Statistical analysis

Each data point is a result of triplicate experiments and is expressed as the mean ± standard deviation. Microsoft Excel was used to process the experimental data. The data were subjected to analysis of variance (ANOVA), followed by Tukey's multiple range tests with a 95% confidence interval. Statistical analysis was performed using SPSS Statistics version 27.

RESULTS

Extraction of the obtained cashew apple juices using three different methods

Results of the physical-chemical properties: TSS, pH, turbidity, and biochemical composition: TTC, TPC, Vitamin C, TTA of the cashew apple juices HPJ, BJ, and SPJ were presented in Table 1. First, TTC values ranged from 414.66 ± 48.50 to 433.37 ± 16.17 (mg tannic acid/100 mL juices) for all three juices, indicating no significant difference (P > 0.05) between them. Similarly, there were no significant differences (P > 0.05) in total soluble solids (TSS) (12.15-13.7 °Brix), total titratable acidity (TTA) (0.45-0.48%), and pH (4.21-4.31) among HPJ, BJ, and SPJ. However, there was a variation in the vitamin C content, ranging from 216.3 ± 0.06 to 245.10 ± 0.04 mg/100 mL, showing a slight effect of the type of mechanical force on vitamin C content (P < 0.05) among the samples. The highest vitamin C content was found in HPJ (245.10 ± 0.04 mg/100 mL). Additionally, HPJ had the highest total phenolic content (545.99 ± 5.02 mg/100 mL) and minimum turbidity (275.33 ± 5.69 NTU).

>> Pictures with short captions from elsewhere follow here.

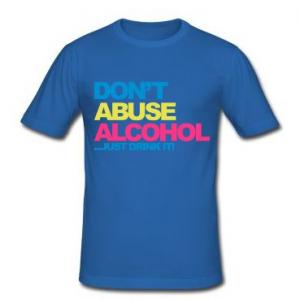 Don't Abuse Alcohol... Drink It! t-shirt Don't Abuse Alcohol... Drink It! t-shirt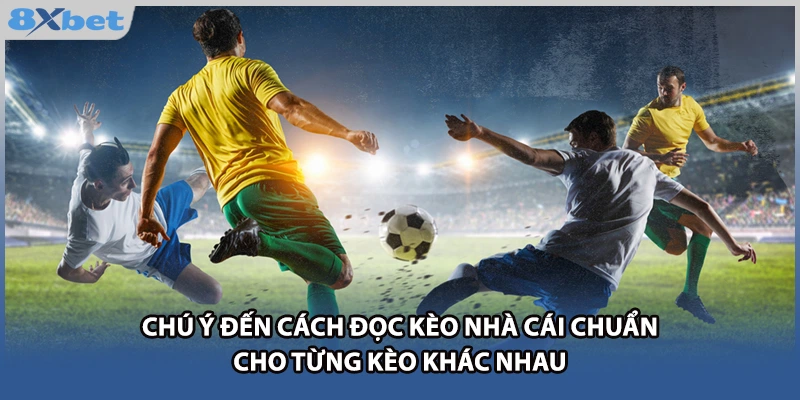 Chú ý đến cách đọc kèo nhà cái chuẩn cho từng kèo khác nhau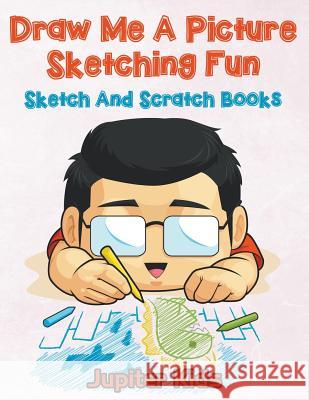 Draw Me A Picture Sketching Fun: Sketch And Scratch Books Jupiter Kids 9781683053927 Jupiter Kids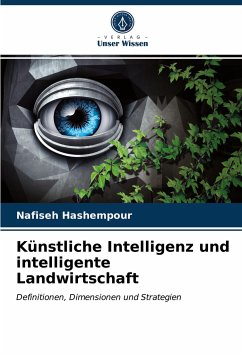Künstliche Intelligenz und intelligente Landwirtschaft - Hashempour, Nafiseh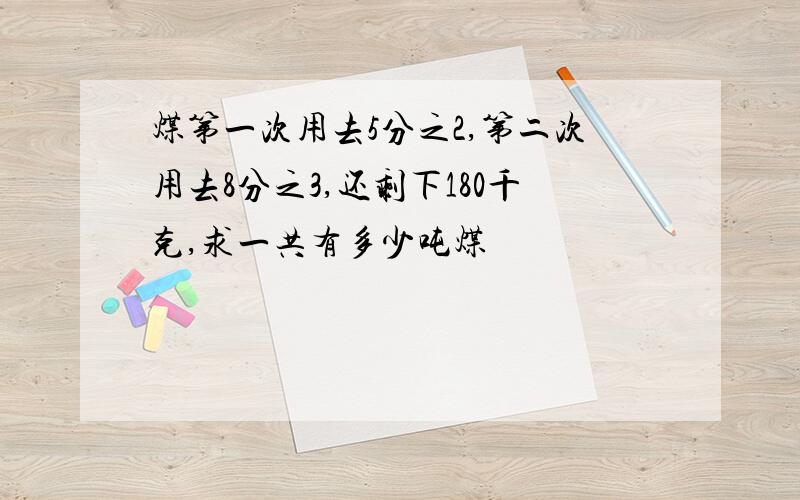 煤第一次用去5分之2,第二次用去8分之3,还剩下180千克,求一共有多少吨煤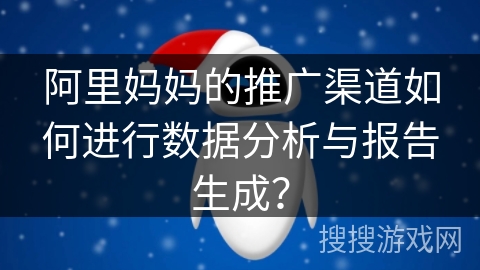 阿里妈妈的推广渠道如何进行数据分析与报告生成？
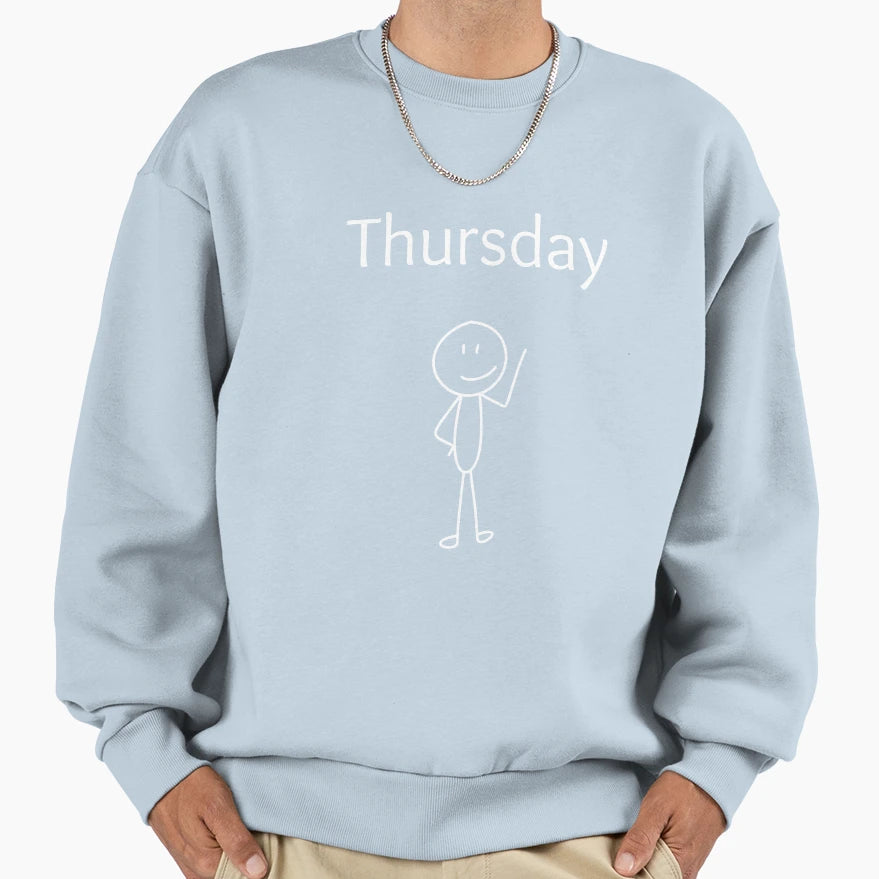 Thursday Days Week Sweatshirt - Streetwear Style Men Women - T-Shirt, Sweatshirt, Hoodie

Table 1. Characterisation of HPJ, BJ and SPJ.

Note: Mean value (n=3) ± SD. The same superscript letter within the row has no significant difference (P >0.05).

Detannification of the obtained juices

The HPJ, BJ and SPJ were first treated with gelatin in solution form (0.08% w/w in juice) to examine tannin removal efficiency. The method of juice extraction would be then determined based on the results obtained, as shown in Table 2, presenting TTC and turbidity of the three treated juices.

Table 2. Characterization of the treated HPJ, BJ and SPJ using the gelatin solution.

Note: Mean value (n=3) ± SD. The same superscript letter within the row has no significant difference (P >0.05).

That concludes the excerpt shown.